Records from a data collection
= = = = = = =

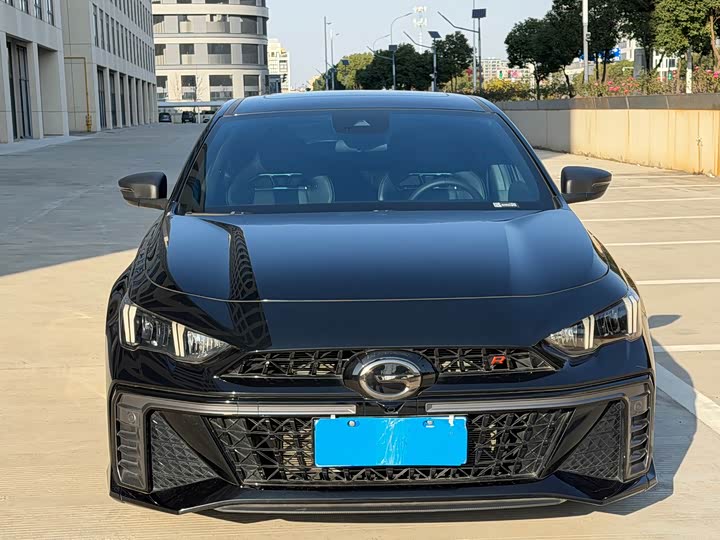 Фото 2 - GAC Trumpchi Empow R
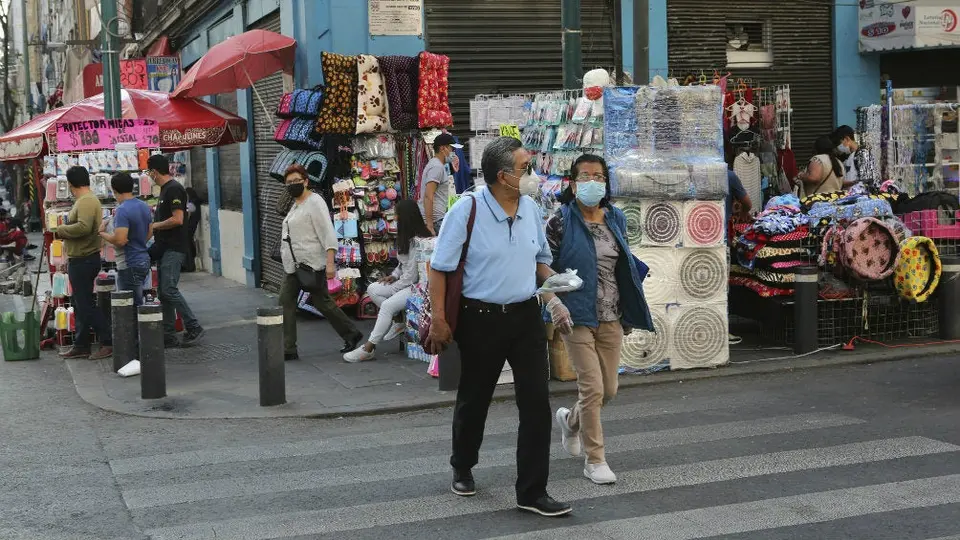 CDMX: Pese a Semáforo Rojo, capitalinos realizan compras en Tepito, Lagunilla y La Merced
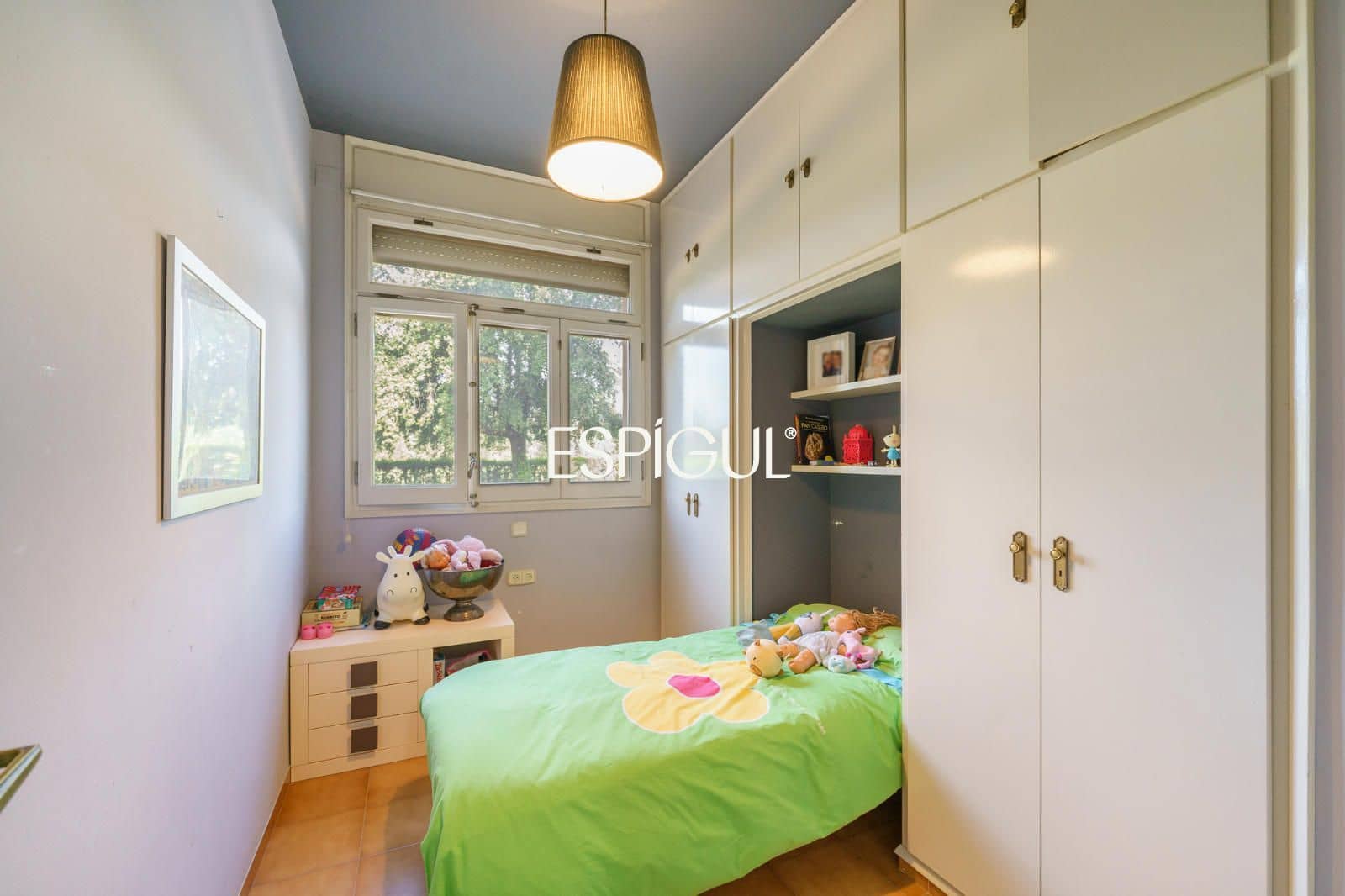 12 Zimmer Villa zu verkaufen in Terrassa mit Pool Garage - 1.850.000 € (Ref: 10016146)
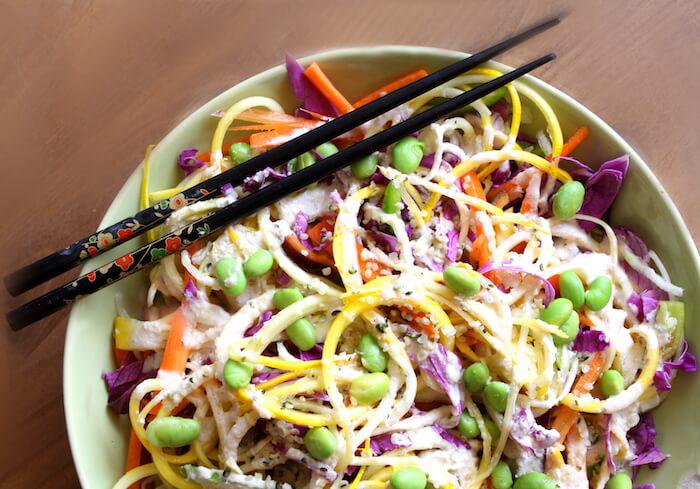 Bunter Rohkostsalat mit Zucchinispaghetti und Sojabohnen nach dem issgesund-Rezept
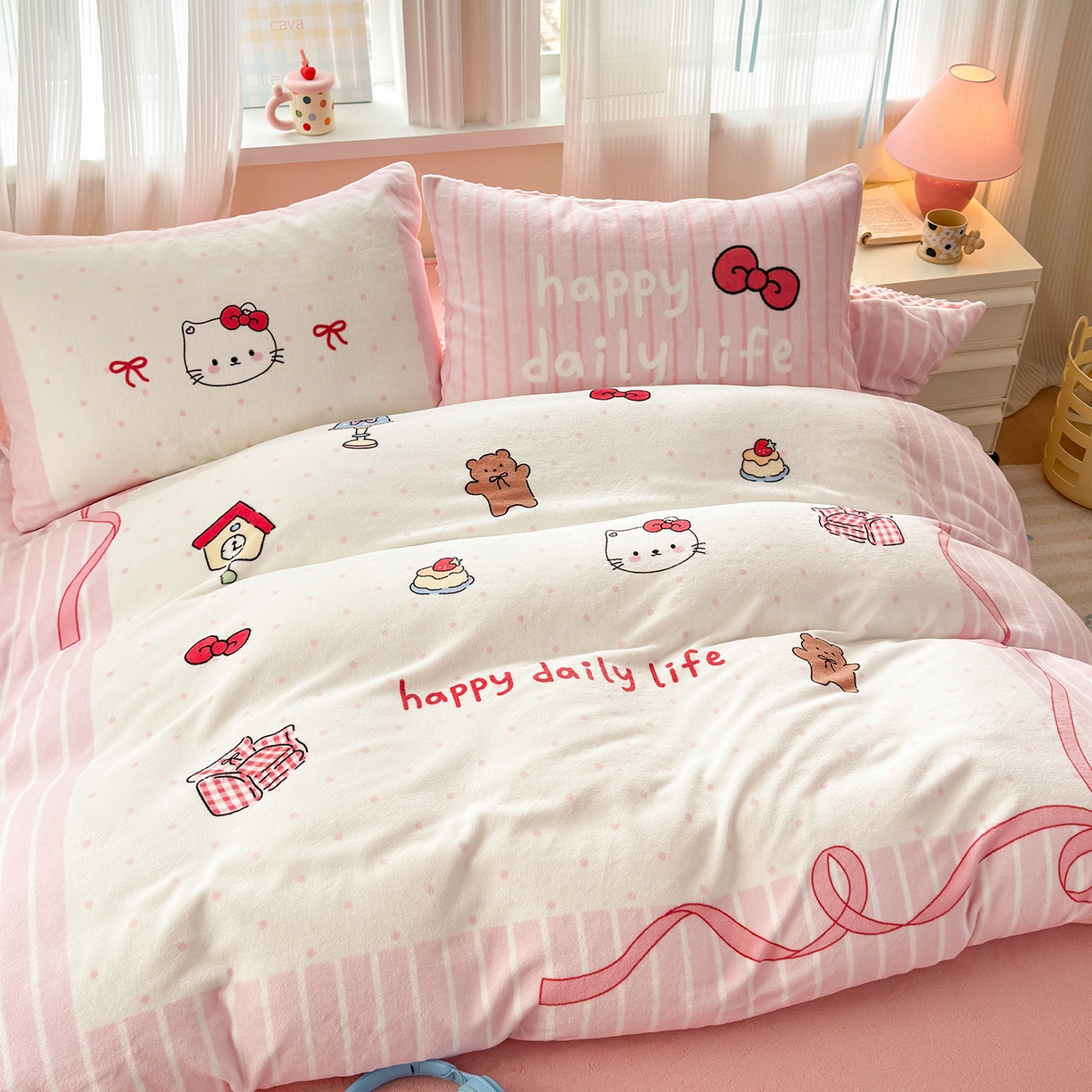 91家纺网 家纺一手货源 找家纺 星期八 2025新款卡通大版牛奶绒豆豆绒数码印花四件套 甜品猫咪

= = = = = = =

▸ **Exercise**: All preceding records should be duplicated verbatim, images excepted.

▸ **Solution to this task**:
 Фото 2 - GAC Trumpchi Empow R
 CDMX: Pese a Semáforo Rojo, capitalinos realizan compras en Tepito, Lagunilla y La Merced
 12 Zimmer Villa zu verkaufen in Terrassa mit Pool Garage - 1.850.000 € (Ref: 10016146)
 Bunter Rohkostsalat mit Zucchinispaghetti und Sojabohnen nach dem issgesund-Rezept
 91家纺网 家纺一手货源 找家纺 星期八 2025新款卡通大版牛奶绒豆豆绒数码印花四件套 甜品猫咪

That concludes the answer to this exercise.